Boba Fett knew Devin had threatened Artiman on many occasions. But on that day, she told him that she would kill him. For the first time, he believed her. He had not been at all surprised to hear that Devin escaped only a few hours later. Wounded, weak and unarmed, she fought her way through several guards, and found her freedom. Now, years later, they stood face to face once more, both wondering what the other would do. Devin had denied him his bounty by claiming it for herself, and he had denied her freedom on her own world.

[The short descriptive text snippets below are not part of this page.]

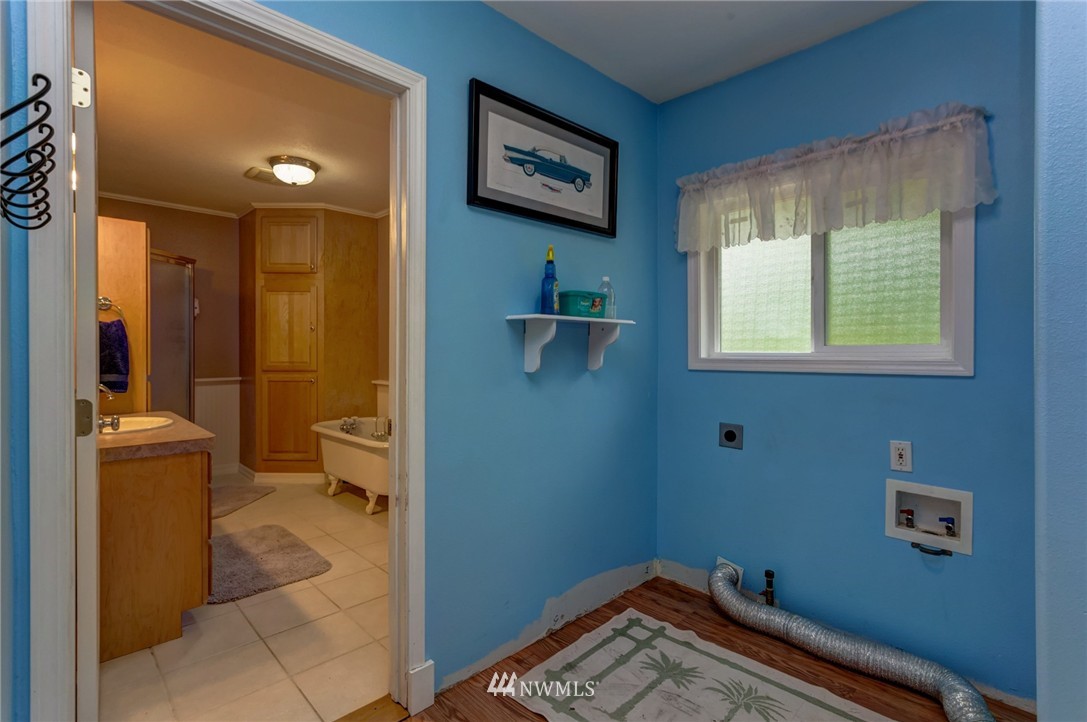 7766 Silver Lake Road Maple Falls, WA 98266 - Photo 10 of 24 Gallery Image 10
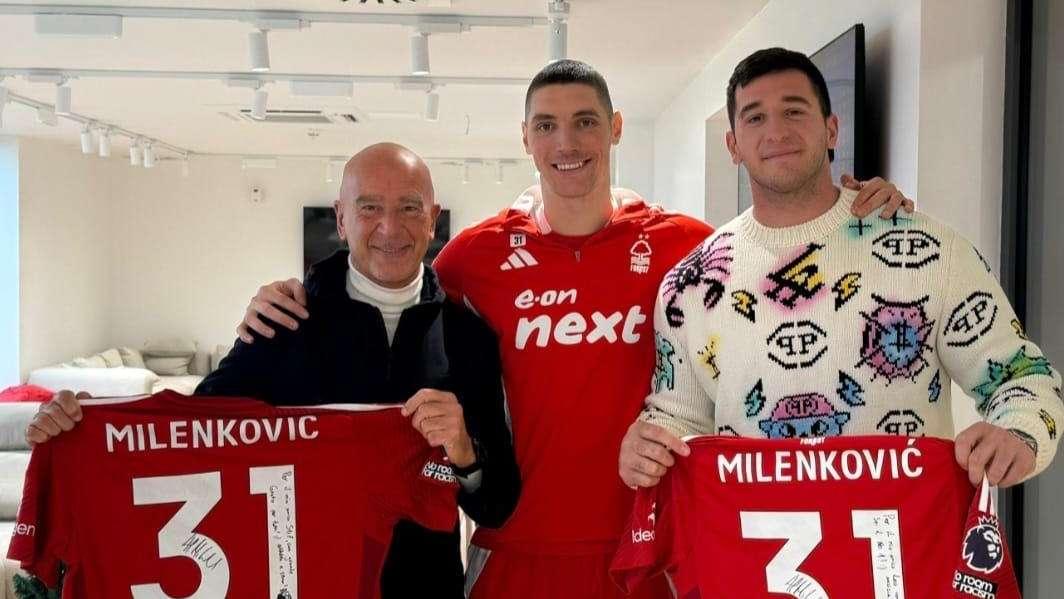 FOTO FV, Due cuori viola in visita a Nottingham da Milenkovic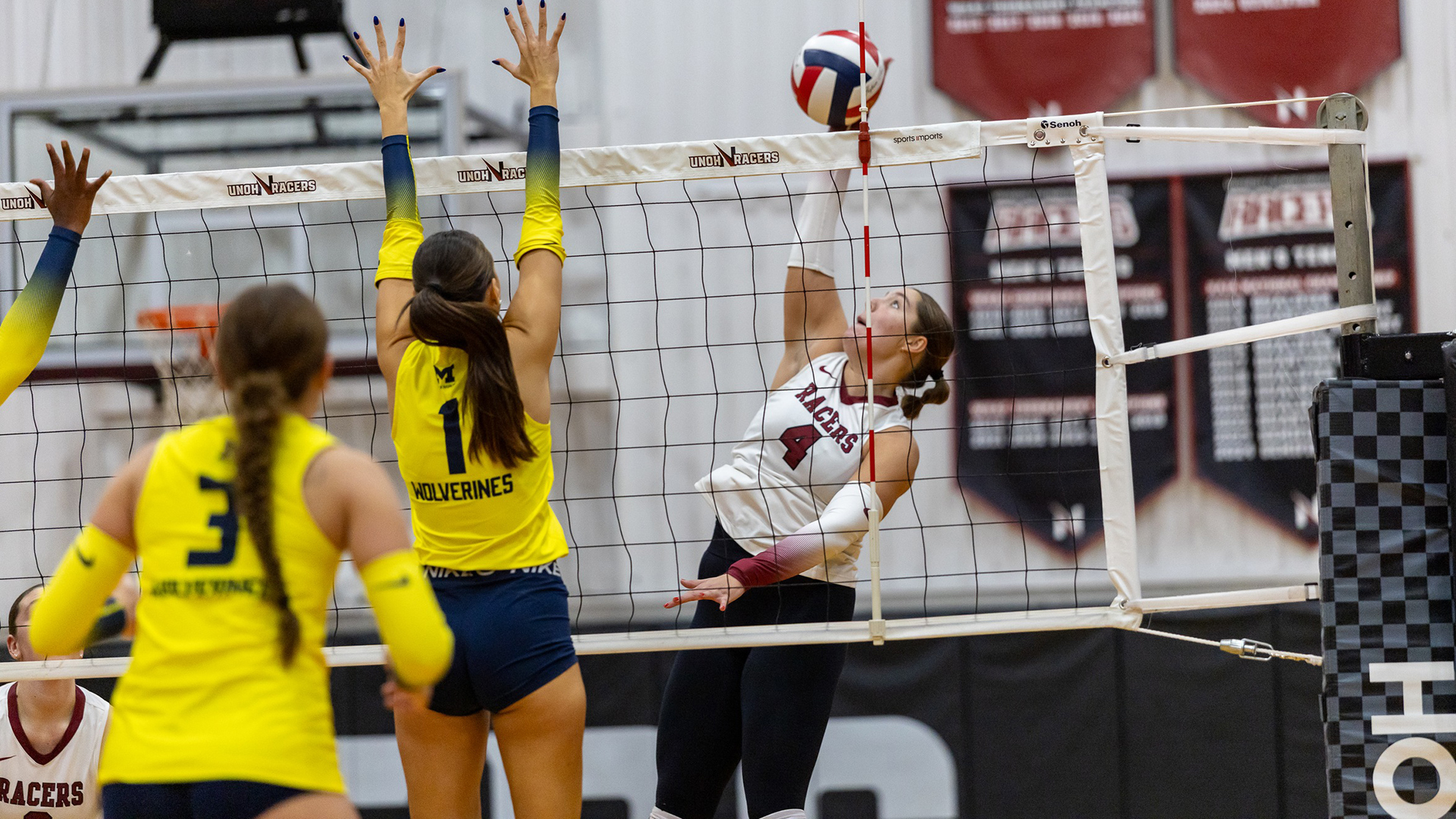 Volleyball Drops Five-Set Match at UM-Dearborn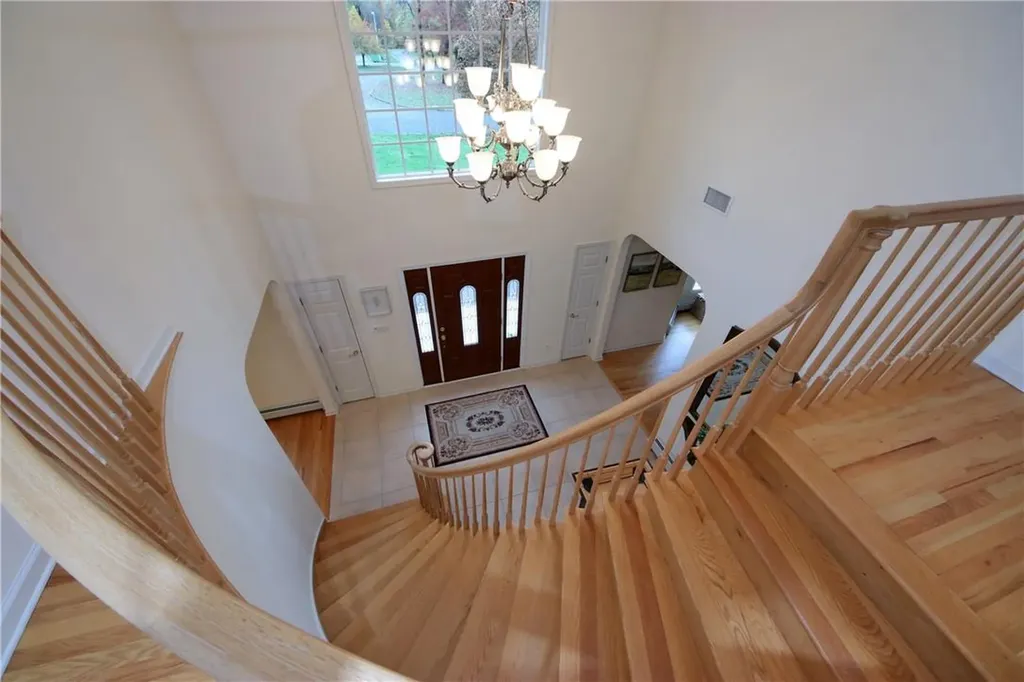 8 Camelot Way Orangeburg NY 10962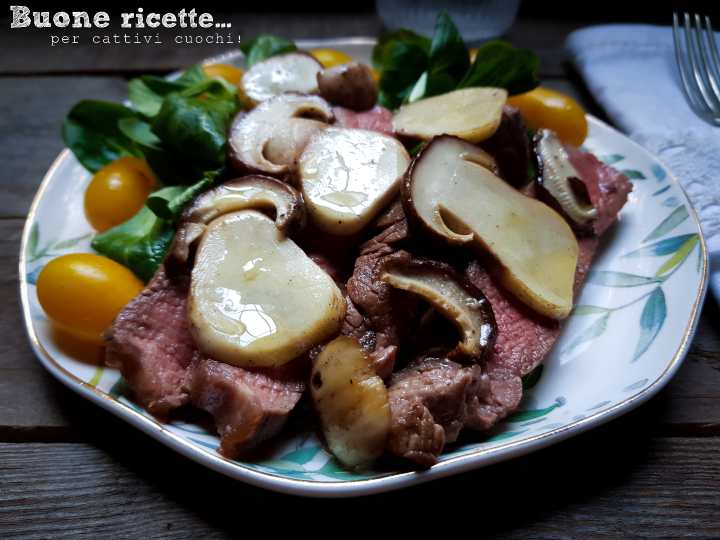 entrecot con setas y ensalada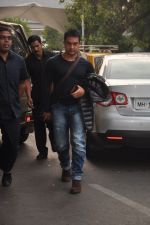 Aamir Khan snapped in Airport, Mumbai on 24th Nov 2011 (9).JPG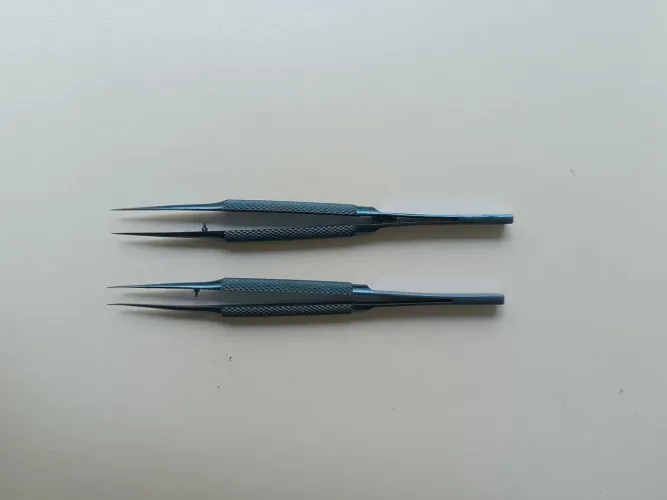 Kit 2 Pinças De Titânio + Brinde 2 Pinças Comuns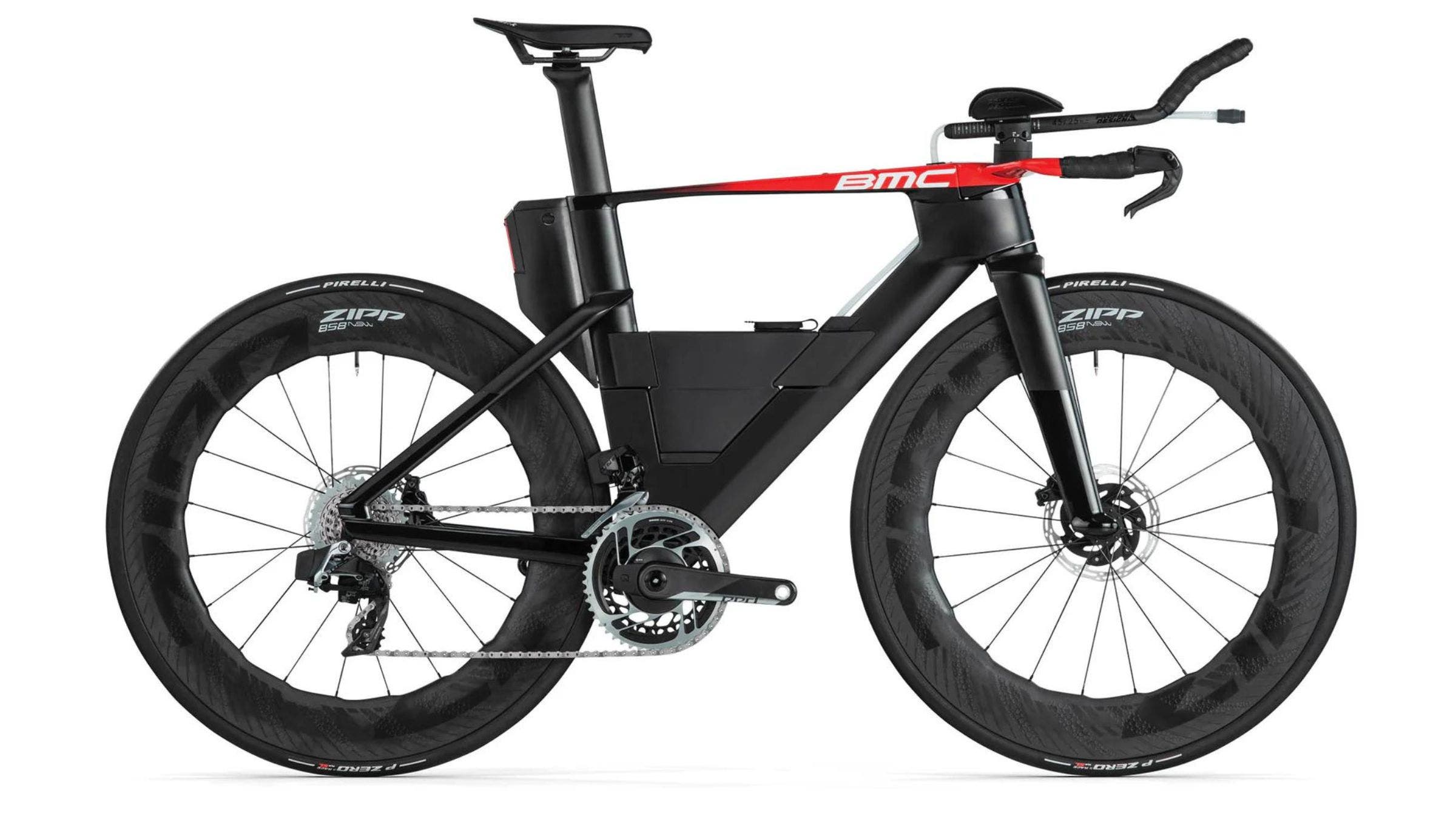 BMC Speedmachine 01 LTD, one of the best triathlon bikes of 2024
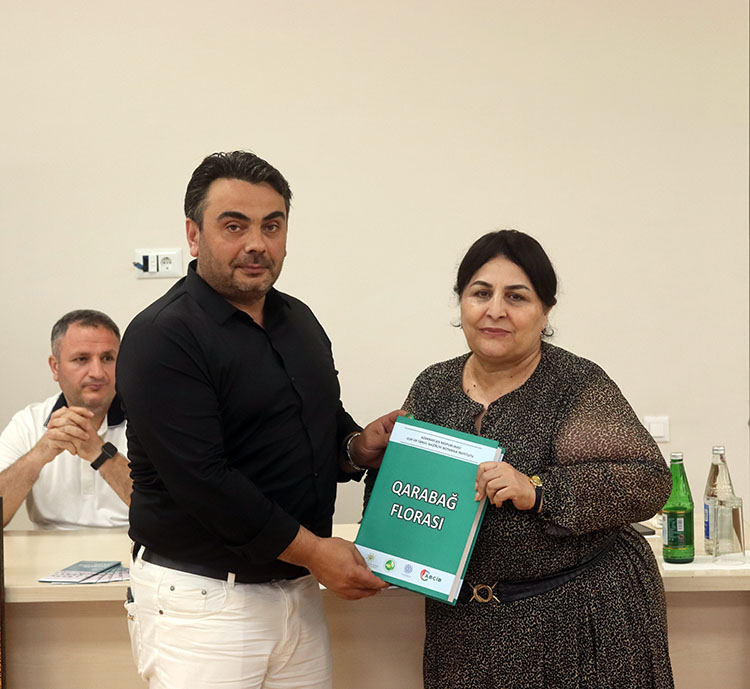 Qarabağ Universitetində Qarabağ florasına həsr olunan kitabların təqdimatı keçirilib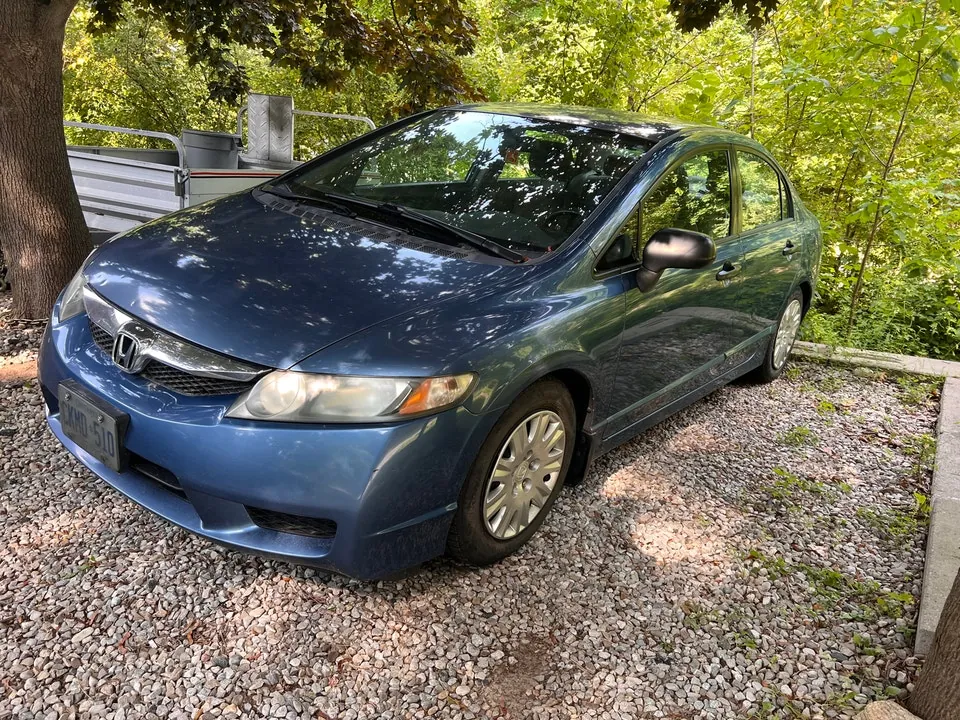 Honda Civic 2010 photo 3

He watched as she moved toward him, a slow, deliberate pace. Though his blaster tracked her movements, she never took her eyes from his. She stood before him in a moment, close enough to touch him. She stared up into the dark visor without a word. Her hand went to her throat, her fingers running over the cool metal collar that encircled her neck. A surge powerful emotion flooded her stare, a maelstrom of anger, hate and bitterness. She locked her fingers around the collar and hissed a damning word as she tore at the ring. The metal whined under her straining white knuckles as it gave way. It broke and came away from her skin, its ragged edges cutting a shallow path of bright red into her soft flesh. She rolled the collar through her fingers for a moment, and then laid it on the table beside them. She looked at him a moment longer, then moved past him, their shoulders brushing. She stepped out into the street, and was gone.
Hours later he sat in the dark cockpit of Slave1. The engines were still, and he could only hear the strange, vast silence of space. He sat rolling the thin metal ring through his fingers, his eyes moving over its smooth shape. There were small worn places where Devin had absentmindedly rubbed the metal with her fingertips. Tiny pits and chips gave him a glimpse of her lifestyle, rough and unforgiving.
In his cargo hold the body of Artiman Keztril awaited delivery to his client. Somewhere, out there in the boundless darkness of space, Devin Kel'loriz hurtled toward a glimmering star, leaving herself behind, and seeking out a new identity.
The control panel cast an pale, eerie light across his ungloved hands and the collar they held. He sighed and stared at the number etched into the back side of ring, 18795. His helm sat on the control panel, the unjudging black visor staring back at him.